The age-old household tip that lemon juice makes for a great cleaning agent has found new use in the garage.
Researchers have found that a simple wash of citric acid can spruce up exhausted catalytic converters in diesel-powered cars, renewing their pollution-busting properties.
In diesel engines, catalytic converters contain a honeycomb of platinum that cleans up exhaust gases by turning poisonous carbon monoxide and unburned hydrocarbons into more benign carbon dioxide. This breaks down molecules that could contribute to smog.
But sulphur in the fuel and phosphorus from anti-wear oil additives can gum up a converter and prevent it from working. Researchers have tried various methods to clean them out in the past, mostly involving strong acids. But while these often do a good job of wiping away the gunk, they also tend to eat away at the valuable platinum.

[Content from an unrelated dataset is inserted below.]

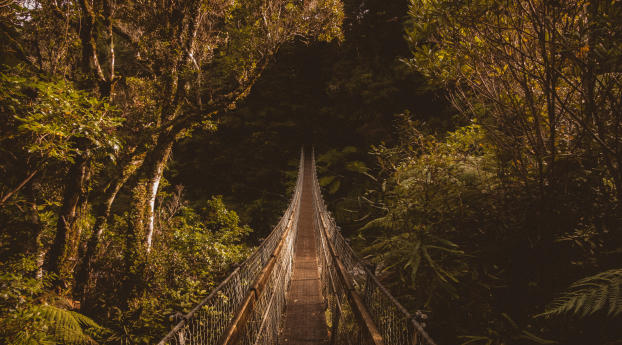 bridge, suspended, trees Wallpaper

Now scientists from the Institute of Catalysis and Petrochemistry in Madrid, Spain, have found that a dilute solution of citric acid can wash out the catalyst killers without damaging the platinum. When tested on a simulated stream of exhaust gases, the cleaned-up catalysts were as good as new, the team reports online in Environmental Science and Technology1.
The citric acid - which was produced industrially rather than by squeezing lemons - removed up to 82% of the phosphorus and about 90% of the sulphur from a catalyst that had been used for 48,000 kilometres of driving in a diesel-fuelled car. The wash cycle took six hours at 80 °C.
"Removing sulphur and phosphorus in this way is a very positive step," says Richard Stobart, an automotive engineer at the University of Sussex in Brighton, UK.
The average vehicle runs for roughly 240,000 kilometres, and catalytic converters are supposed to last this course. But some researchers have claimed that up to 90% of catalysts fail before they reach 80,000 kilometres, says Stobart. Regenerating them periodically could help to reduce emission pollution, he adds.
Cars built in the United States already have on-board emissions monitoring, which should alert the driver when the catalyst starts to fail. Similar guidelines are expected to come into force in Europe within the next few years, says Stobart.
At present, many used catalytic converters are recycled to extract the expensive platinum metal, Stobart notes. But this energy-intensive process wastes the rest of the converter. Reactivation would be much more environmentally friendly, he says.
But it may be more expensive. Stobart says that the only people who would find it economically feasible to clean their converters would probably be those with fleets of diesel trucks that can each cover 2 million kilometres in their lifetime. With more stringent emissions monitoring on the horizon, it would make good sense for these engines to get a regular spring clean. "These are big, valuable devices, and replacing them can cost as much as replacing an engine," says Stobart.
- Galisteo F. C., et al. Environ. Sci. Technol., published online, doi:10.1021/es040062f (2005).